- Exercise data -
——
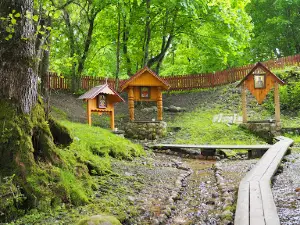 Svyatoy Istochnik, Krynitsa.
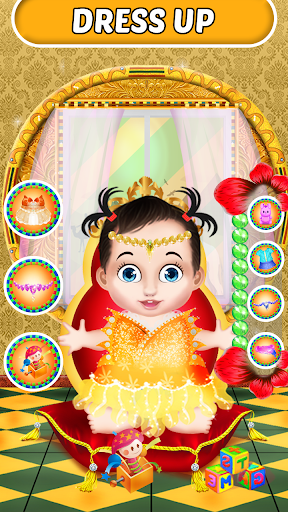 Mommy take Caring Baby Games Screen 2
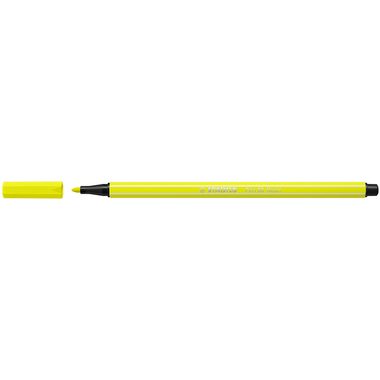 STABILO, STABILO Fasermaler Pen 68 1mm 68/024 neongelb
——
When you restate the listing, keep every word as it is and drop the pictures.

 Svyatoy Istochnik, Krynitsa.
 Mommy take Caring Baby Games Screen 2
 STABILO, STABILO Fasermaler Pen 68 1mm 68/024 neongelb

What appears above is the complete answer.